# Exercise description
Output exactly, in the material below, the lines from the one with "Aluminium Hunde Transportbox" through the one with "Young woman suffering". Omit all pictures.

--- Data records Enclosed Below ---

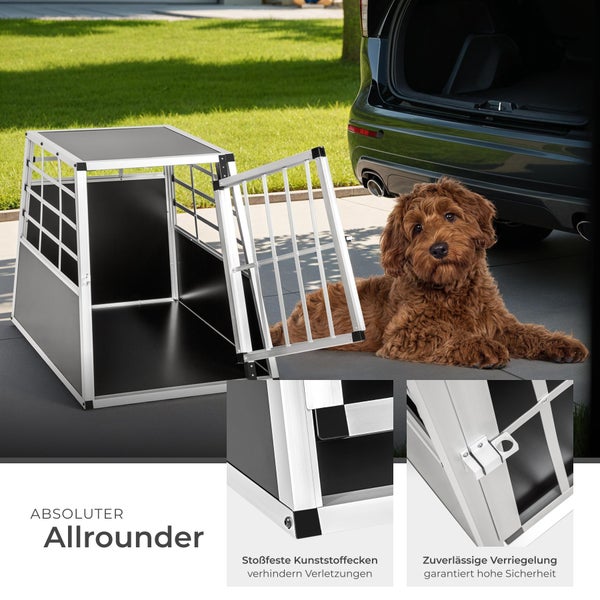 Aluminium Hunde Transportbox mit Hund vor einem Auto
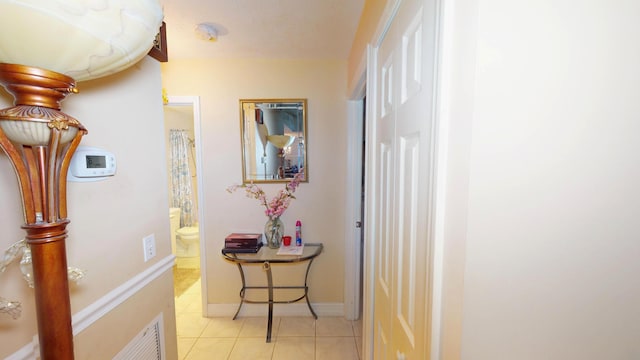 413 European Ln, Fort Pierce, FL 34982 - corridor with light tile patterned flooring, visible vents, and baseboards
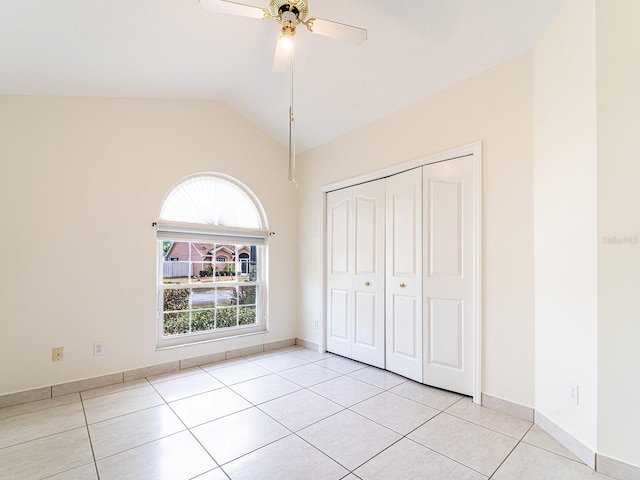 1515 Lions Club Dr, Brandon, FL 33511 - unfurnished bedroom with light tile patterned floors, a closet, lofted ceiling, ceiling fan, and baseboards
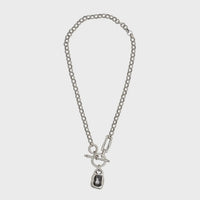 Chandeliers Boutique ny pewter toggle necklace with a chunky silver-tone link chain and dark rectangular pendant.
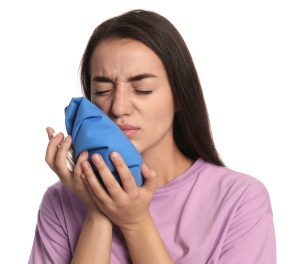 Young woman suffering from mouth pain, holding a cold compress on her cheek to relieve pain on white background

--- End of Enclosed Data records ---
--- Data records Enclosed Below ---

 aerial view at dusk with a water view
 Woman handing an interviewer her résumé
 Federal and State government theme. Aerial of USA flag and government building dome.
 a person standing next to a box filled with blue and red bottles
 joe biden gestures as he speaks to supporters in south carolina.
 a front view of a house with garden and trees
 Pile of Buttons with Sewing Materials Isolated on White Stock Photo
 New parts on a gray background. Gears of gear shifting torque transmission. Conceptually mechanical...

--- End of Enclosed Data records ---
--- Data records Enclosed Below ---

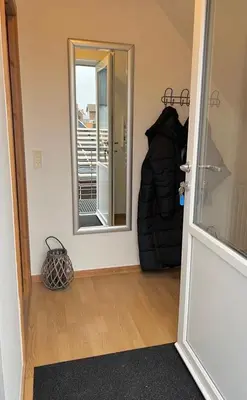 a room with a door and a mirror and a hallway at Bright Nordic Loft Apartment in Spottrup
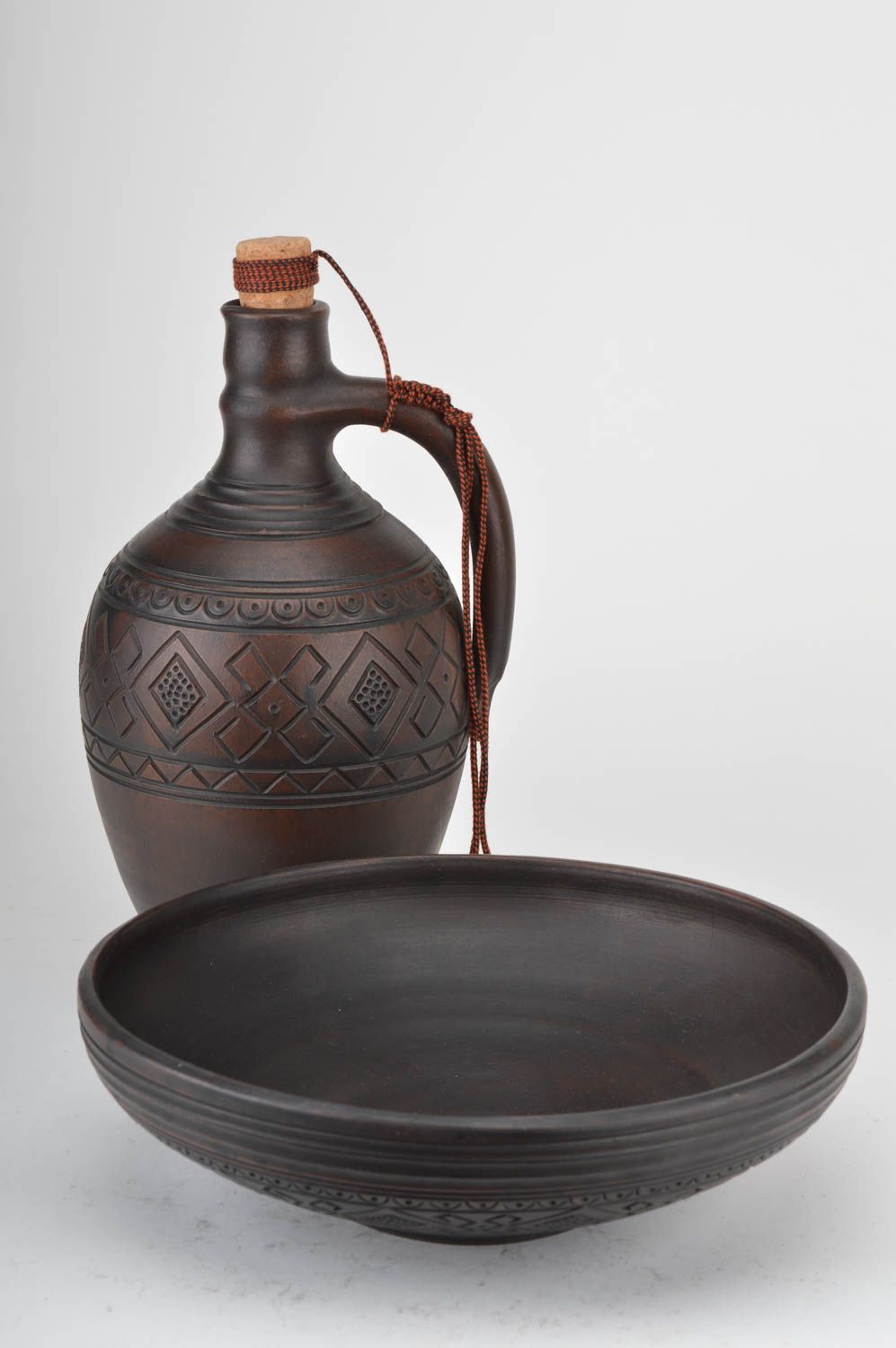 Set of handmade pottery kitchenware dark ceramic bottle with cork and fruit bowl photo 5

--- End of Enclosed Data records ---

# Answer section
 Aluminium Hunde Transportbox mit Hund vor einem Auto
 413 European Ln, Fort Pierce, FL 34982 - corridor with light tile patterned flooring, visible vents, and baseboards
 1515 Lions Club Dr, Brandon, FL 33511 - unfurnished bedroom with light tile patterned floors, a closet, lofted ceiling, ceiling fan, and baseboards
 Chandeliers Boutique ny pewter toggle necklace with a chunky silver-tone link chain and dark rectangular pendant.
 Young woman suffering from mouth pain, holding a cold compress on her cheek to relieve pain on white background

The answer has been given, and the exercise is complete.